[Excerpts from a dataset]
--

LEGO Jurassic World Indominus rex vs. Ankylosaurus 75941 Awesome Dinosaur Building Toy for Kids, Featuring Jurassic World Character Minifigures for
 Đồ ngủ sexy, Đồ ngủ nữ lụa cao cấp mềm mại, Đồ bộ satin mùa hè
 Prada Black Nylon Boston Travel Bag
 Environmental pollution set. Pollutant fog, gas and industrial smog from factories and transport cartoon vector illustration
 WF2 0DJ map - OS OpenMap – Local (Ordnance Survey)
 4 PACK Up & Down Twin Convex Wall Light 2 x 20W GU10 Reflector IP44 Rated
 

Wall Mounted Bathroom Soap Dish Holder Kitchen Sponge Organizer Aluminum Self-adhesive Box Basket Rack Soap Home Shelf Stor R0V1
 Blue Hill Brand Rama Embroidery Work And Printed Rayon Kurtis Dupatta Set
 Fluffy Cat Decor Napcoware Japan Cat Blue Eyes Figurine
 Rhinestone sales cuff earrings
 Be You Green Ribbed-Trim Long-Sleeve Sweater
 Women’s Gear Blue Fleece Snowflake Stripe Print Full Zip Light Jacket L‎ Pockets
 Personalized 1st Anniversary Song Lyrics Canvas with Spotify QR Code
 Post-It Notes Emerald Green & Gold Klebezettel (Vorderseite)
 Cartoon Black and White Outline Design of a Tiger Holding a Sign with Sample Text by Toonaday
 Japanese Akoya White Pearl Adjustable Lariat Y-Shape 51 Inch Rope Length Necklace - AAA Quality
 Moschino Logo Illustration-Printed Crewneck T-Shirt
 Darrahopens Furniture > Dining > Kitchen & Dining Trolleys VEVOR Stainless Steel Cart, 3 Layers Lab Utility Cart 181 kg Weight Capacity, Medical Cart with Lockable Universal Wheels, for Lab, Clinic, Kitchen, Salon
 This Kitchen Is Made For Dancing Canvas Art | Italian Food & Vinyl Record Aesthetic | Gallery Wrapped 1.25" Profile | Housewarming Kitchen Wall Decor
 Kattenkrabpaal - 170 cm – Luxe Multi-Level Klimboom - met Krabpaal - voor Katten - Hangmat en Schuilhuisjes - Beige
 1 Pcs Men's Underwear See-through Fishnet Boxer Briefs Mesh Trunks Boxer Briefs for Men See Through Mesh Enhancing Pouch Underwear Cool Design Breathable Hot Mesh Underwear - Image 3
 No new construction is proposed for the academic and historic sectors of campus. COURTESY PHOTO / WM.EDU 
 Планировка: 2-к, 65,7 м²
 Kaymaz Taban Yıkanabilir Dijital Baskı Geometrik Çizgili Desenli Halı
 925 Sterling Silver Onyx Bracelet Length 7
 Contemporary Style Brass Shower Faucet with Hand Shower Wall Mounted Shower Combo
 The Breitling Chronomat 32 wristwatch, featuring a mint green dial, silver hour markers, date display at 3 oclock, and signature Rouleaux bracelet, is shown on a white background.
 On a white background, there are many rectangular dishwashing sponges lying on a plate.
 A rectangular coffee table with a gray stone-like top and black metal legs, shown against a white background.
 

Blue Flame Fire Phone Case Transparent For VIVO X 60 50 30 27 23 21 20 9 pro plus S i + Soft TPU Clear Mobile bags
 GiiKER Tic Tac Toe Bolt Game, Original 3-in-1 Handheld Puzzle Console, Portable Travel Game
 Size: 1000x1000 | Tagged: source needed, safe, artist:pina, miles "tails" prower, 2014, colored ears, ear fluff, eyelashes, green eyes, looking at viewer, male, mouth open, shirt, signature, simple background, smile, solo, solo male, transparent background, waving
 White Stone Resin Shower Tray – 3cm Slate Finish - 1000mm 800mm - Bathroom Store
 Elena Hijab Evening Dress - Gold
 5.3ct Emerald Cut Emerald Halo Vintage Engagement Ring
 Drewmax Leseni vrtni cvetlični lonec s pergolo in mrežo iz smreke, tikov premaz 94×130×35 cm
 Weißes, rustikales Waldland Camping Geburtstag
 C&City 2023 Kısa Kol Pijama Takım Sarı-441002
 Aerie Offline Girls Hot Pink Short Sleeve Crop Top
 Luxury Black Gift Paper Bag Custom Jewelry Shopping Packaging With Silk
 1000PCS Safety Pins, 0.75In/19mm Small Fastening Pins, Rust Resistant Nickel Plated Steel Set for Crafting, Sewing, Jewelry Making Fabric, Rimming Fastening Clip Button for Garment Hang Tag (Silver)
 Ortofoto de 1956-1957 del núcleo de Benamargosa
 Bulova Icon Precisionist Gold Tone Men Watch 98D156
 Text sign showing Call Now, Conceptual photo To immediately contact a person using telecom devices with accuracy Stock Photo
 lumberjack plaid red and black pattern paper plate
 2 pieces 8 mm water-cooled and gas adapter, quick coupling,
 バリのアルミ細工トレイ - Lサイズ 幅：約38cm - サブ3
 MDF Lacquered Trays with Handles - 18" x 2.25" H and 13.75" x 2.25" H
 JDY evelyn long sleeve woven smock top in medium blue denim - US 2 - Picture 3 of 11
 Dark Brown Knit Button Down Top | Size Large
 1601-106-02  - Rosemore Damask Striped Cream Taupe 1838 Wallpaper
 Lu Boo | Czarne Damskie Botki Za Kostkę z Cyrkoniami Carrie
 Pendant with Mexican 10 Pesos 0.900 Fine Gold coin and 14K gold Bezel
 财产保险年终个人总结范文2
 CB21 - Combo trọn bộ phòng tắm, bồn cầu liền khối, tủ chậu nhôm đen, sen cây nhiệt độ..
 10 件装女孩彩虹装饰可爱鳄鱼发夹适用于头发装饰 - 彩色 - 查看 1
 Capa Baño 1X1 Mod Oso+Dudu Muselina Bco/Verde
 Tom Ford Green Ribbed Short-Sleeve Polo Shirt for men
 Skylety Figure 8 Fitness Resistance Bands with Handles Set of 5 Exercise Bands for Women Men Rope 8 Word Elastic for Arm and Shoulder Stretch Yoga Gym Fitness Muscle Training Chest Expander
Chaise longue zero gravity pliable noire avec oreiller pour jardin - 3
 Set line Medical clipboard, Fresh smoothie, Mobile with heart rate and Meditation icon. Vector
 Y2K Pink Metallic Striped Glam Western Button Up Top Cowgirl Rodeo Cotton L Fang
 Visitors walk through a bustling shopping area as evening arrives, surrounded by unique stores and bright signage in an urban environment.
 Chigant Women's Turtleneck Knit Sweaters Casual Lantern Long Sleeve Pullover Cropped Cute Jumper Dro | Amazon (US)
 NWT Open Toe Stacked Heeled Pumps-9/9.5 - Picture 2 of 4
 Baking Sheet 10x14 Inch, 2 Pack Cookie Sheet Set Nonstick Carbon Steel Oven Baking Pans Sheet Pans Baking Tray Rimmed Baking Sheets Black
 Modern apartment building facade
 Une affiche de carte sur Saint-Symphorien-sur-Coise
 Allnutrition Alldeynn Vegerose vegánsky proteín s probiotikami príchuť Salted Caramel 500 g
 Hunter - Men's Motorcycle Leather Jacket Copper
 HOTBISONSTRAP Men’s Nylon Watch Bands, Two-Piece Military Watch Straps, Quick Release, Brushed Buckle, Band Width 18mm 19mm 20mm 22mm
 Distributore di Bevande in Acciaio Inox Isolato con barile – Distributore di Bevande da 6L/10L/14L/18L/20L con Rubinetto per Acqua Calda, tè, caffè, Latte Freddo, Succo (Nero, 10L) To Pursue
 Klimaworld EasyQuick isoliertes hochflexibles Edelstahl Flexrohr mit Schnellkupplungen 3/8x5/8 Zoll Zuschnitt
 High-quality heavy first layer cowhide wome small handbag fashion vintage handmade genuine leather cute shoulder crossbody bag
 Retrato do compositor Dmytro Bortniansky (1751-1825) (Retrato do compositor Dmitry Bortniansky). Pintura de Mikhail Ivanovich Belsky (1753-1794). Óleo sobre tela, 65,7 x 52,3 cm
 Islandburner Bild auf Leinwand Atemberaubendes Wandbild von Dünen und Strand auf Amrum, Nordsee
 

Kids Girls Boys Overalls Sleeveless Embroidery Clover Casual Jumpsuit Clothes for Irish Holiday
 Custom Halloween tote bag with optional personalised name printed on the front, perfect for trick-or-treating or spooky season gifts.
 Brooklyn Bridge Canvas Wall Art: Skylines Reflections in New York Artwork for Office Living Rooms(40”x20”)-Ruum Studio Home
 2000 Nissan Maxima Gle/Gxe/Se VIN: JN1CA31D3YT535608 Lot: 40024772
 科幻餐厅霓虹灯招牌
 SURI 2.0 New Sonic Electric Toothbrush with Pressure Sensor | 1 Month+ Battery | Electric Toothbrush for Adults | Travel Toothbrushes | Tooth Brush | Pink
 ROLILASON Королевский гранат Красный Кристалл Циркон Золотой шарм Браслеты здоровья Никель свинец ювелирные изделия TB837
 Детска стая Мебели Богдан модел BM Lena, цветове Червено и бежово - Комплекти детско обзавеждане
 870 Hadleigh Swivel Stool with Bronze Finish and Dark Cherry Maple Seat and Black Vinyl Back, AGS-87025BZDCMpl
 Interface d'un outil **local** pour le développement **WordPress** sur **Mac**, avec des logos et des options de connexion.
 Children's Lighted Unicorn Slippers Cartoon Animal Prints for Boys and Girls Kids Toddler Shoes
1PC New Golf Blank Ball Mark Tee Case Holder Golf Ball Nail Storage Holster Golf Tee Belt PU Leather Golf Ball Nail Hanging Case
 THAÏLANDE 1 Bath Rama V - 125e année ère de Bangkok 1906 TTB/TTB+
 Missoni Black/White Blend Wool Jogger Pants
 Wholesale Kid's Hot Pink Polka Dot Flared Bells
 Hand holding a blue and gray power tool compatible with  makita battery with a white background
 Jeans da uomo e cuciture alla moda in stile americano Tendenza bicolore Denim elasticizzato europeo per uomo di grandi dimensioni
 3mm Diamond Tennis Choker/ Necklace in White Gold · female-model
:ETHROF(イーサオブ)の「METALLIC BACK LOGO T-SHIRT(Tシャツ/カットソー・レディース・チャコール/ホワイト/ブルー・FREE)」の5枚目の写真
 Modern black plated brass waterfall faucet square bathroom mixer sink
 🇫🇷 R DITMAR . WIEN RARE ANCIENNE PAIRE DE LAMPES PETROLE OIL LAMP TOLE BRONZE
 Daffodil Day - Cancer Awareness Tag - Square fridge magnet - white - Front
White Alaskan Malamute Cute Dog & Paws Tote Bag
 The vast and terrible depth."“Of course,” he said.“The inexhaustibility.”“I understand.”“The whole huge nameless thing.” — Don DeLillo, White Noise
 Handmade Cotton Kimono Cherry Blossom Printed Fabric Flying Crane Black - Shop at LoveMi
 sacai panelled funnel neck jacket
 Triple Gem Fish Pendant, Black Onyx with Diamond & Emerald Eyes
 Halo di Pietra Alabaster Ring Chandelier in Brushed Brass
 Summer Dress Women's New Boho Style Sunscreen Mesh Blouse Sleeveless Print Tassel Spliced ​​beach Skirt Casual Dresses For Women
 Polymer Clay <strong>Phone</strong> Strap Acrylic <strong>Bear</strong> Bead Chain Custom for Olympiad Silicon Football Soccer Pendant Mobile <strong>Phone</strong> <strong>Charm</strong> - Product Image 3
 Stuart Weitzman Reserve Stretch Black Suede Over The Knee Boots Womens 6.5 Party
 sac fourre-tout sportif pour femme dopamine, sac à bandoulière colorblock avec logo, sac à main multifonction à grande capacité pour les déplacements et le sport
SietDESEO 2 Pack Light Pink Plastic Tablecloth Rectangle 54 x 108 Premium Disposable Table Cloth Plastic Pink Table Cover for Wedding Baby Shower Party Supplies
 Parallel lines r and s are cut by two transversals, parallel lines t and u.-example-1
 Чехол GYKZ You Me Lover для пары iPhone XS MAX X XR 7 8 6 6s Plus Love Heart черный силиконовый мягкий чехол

--

** Your goal **
From the entries above, extract only the lines running from the one containing "Modern black plated" through the one containing "Summer Dress Women's", inclusive.

** Solution to the problem **
 Modern black plated brass waterfall faucet square bathroom mixer sink
 🇫🇷 R DITMAR . WIEN RARE ANCIENNE PAIRE DE LAMPES PETROLE OIL LAMP TOLE BRONZE
 Daffodil Day - Cancer Awareness Tag - Square fridge magnet - white - Front
White Alaskan Malamute Cute Dog & Paws Tote Bag
 The vast and terrible depth."“Of course,” he said.“The inexhaustibility.”“I understand.”“The whole huge nameless thing.” — Don DeLillo, White Noise
 Handmade Cotton Kimono Cherry Blossom Printed Fabric Flying Crane Black - Shop at LoveMi
 sacai panelled funnel neck jacket
 Triple Gem Fish Pendant, Black Onyx with Diamond & Emerald Eyes
 Halo di Pietra Alabaster Ring Chandelier in Brushed Brass
 Summer Dress Women's New Boho Style Sunscreen Mesh Blouse Sleeveless Print Tassel Spliced ​​beach Skirt Casual Dresses For Women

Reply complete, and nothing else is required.